New York City's restaurant industry isn't the only one that has been scrambling in the wake of the latest winter COVID surge: almost a dozen Broadway and Off-Broadway shows were forced to cancel performances this week due to COVID spreading among casts and crews, making this the largest number of shows to be put on pause since Broadway came back at the start of the fall.
Major productions who canceled performances include Hamilton, MJ, Mrs. Doubtfire, Jagged Little Pill, Moulin Rouge! The Musical, Tina - The Tina Turner Musical, Harry Potter and the Cursed Child, Freestyle Love Supreme, and Ain't Too Proud. In addition, the Off Broadway production Little Shop of Horrors has also canceled multiple shows this weekend.
And on Friday night, The Christmas Spectacular Starring the Radio City Rockettes had to cancel all its remaining shows for the season, due to "increasing challenges from the pandemic."
One of the more striking incidents happened on Thursday night, when Moulin Rouge! abruptly canceled the evening performance with people already in their seats. A spokesperson told Gothamist that there was a "late-in-the-day positive test result in the company. Out of an abundance of caution, tonight’s performance has also been cancelled." The show hopes to resume performances on Saturday.
For those who work in and around the industry, the closures are a grim sign that Broadway's fall return after a long, dark stretch may have been premature.
"The surge is yet another example of uncertainty," said one Broadway bartender who works eight shows a week, and asked to remain anonymous to retain his job. "But the fact that so many different shows are canceling every other performance shows that this is here to stay. This is causing extra stress for all employees during the busiest time of the season for Broadway. This may be a cautionary tale that Broadway wasn't quite ready to reopen on such a large scale."
The bartender told Gothamist that staff has been proactive at his theater to assure the safety of both patrons and employees, but there have been bumps along the way: "Several shows have had to cancel a performance literally minutes before showtime with over 1,000 people in the audience. This has led to extreme frustration by both patrons and staff as to why this is happening only moments before the show starts," he said.
He noted that each theater and production has their own COVID standards and procedures: "The structure of how COVID tests are being processed and checked seems to vary, and that shouldn't be the case where members of a cast or crew aren't getting test results until minutes before a show," he said. "It also begs the question as to how they were in the theater and performing their duties without having their test results checked."
In the fall, Aladdin was forced to cancel performances immediately after reopening because of breakthrough cases within the company, but there's been nothing like the wave this week. Only one play, Chicken & Biscuits, has ascribed its early closure to the financial impact of COVID-related closures.

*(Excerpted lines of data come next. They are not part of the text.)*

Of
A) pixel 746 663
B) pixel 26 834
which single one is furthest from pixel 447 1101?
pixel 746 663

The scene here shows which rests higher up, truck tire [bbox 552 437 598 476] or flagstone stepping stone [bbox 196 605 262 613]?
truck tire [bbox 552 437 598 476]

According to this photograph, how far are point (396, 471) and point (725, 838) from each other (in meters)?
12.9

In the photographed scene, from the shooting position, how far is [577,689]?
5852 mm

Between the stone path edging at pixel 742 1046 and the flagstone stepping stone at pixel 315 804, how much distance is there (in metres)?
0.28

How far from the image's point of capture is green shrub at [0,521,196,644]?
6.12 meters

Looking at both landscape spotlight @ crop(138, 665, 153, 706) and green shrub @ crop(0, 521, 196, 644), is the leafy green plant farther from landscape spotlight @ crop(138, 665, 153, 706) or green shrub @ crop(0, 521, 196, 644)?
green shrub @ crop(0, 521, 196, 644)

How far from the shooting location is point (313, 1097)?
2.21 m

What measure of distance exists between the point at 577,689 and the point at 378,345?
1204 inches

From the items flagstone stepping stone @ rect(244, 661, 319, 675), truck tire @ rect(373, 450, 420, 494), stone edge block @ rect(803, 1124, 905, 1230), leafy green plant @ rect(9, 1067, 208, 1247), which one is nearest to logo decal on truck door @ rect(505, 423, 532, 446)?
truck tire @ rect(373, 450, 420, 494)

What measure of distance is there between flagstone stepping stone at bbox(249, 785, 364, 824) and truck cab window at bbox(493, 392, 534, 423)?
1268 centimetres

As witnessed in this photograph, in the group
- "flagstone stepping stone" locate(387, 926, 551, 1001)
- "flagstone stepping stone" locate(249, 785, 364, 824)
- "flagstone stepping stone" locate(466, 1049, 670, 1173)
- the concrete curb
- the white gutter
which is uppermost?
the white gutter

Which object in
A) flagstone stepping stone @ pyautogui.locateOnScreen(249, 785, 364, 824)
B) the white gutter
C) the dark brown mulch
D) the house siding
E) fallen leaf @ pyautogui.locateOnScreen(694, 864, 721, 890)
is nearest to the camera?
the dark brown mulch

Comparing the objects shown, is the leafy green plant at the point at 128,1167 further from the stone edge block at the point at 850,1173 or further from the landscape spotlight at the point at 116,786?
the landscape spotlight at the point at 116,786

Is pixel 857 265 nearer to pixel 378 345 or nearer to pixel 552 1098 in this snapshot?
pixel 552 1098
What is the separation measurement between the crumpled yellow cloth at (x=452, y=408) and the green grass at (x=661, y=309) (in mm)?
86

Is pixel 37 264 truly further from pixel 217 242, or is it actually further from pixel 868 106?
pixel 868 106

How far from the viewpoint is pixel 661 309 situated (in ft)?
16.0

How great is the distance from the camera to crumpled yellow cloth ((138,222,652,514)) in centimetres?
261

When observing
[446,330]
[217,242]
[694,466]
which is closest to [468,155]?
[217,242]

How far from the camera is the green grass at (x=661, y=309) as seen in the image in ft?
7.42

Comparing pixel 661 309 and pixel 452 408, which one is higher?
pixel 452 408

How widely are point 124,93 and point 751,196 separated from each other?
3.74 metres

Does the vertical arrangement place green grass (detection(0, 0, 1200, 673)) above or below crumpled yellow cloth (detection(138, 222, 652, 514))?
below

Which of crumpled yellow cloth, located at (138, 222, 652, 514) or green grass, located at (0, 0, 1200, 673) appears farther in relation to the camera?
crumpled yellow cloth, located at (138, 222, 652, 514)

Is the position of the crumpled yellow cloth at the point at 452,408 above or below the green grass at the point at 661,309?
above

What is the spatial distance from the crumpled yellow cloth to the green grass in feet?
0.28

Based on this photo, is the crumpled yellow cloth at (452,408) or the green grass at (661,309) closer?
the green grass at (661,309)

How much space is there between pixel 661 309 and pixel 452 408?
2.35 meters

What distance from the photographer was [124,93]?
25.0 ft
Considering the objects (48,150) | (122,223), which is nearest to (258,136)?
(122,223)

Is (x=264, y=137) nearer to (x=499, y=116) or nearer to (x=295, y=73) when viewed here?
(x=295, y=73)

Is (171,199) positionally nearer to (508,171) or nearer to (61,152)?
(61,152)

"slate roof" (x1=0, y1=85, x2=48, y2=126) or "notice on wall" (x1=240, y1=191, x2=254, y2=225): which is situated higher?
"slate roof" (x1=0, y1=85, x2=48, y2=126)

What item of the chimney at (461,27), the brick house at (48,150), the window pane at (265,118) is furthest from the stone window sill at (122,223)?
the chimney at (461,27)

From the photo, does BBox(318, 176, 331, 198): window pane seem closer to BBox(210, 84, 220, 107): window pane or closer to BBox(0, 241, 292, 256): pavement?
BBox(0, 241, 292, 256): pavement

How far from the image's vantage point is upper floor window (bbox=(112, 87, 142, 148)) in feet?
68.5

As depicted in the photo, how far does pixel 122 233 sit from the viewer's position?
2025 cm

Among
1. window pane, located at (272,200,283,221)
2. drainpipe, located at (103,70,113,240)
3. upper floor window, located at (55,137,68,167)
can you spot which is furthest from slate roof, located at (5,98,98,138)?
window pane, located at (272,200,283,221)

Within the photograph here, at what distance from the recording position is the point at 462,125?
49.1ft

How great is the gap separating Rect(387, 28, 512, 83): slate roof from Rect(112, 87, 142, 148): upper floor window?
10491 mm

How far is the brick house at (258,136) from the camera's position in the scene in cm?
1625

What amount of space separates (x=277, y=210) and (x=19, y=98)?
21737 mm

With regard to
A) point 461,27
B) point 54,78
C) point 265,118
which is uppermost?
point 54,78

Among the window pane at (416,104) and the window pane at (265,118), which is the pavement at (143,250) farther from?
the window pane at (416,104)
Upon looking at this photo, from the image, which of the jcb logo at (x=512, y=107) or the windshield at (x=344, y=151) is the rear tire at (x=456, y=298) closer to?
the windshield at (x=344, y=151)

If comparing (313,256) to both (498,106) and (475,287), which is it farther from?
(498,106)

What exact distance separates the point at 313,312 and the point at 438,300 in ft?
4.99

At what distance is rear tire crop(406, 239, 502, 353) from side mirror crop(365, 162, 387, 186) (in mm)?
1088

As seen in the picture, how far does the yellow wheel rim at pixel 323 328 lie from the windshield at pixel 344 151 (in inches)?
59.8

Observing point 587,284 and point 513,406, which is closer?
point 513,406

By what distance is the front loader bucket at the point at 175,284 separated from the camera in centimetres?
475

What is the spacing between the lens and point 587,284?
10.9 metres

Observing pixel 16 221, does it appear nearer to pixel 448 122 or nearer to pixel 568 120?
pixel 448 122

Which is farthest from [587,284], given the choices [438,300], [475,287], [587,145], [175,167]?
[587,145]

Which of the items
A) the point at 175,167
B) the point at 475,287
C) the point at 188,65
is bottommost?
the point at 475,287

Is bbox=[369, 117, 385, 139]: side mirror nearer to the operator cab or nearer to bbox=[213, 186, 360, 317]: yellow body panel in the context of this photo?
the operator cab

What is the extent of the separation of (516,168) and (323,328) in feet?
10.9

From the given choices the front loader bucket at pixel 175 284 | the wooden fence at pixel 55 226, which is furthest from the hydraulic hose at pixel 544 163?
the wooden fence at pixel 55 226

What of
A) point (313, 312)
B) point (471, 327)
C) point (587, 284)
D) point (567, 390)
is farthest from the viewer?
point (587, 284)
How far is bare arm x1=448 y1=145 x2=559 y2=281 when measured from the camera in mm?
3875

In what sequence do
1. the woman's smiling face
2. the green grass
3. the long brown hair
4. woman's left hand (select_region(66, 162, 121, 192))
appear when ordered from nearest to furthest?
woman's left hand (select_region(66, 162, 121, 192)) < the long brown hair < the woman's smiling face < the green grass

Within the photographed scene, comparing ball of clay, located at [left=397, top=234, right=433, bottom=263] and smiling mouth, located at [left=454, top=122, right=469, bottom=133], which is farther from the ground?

The New York Times this week laid out the steep financial perils for productions: "For a show grossing $1 million a week, each missed performance would mean a loss of about $125,000; cancellations on weekends are costlier, because that’s when many shows are most full, and cancellations at this time of year are especially painful, because Broadway traditionally sees an attendance spike during the holiday season."
There is already a vaccine mandate for audiences and workers, and attendees must wear masks in theaters as well. According to Charlotte St. Martin, the president of The Broadway League which represents theater owners and producers, the next step may be to mandate booster shots for all casts and crews.
“At the present time we are speaking with our unions about establishing a process to make sure that all of our eligible employees get a booster shot," she said in a statement. "All of our experts are emphasizing the importance of boosters in providing the maximum protection against the virus at this point in time. As always, our number one priority is the safety and security of our cast, crew and theater-goers.”
Nik Walker, one of the leads in Ain’t Too Proud, praised the cast, crew and producers of that show for the COVID protocols they have in place currently, and for supporting each other through this tumultuous period: "We've worked very hard to create a building that's able to take care of each other," he told Gothamist. "The experience has certainly been crazy and you're hearing things [around the industry] just because of how small Broadway is ... But I've never not felt like the company didn't have each other's backs."
Walker said he is most worried about the spread of misinformation and people making hasty decisions about the future of theater in the face of an ever-changing situation. Things like the last minute Moulin Rouge! cancellation "of course trigger memories of 2020, and I'm not trying to be overly-optimistic, but...it was always gonna have ups and downs, always, because this is of course an uncertain time."
"If you're flying into turbulence, you're flying into cloud covers, it's gonna be turbulence. That's part of what you signed up for," Walker said. "So I think that doing everything you can to be communicative with your audiences and with your company, keeping them informed and clear and safe, I think that's all you can do. But it's worth it to do it because it's literally the livelihood of so many people, both on and off the stage and in house. I live for this, this is my life."
He added that producers, performers and staff are proceeding one show at a time.
"All we got is the next six hours, and then we'll deal with the next six hours, and then we'll deal with the next six," he added. "That's all we can do. If we're doing that then no, I'm not worried and I'm not scared...We can definitely do a Broadway show in the middle of the pandemic. Absolutely."
This story has been updated to reflect additional closures.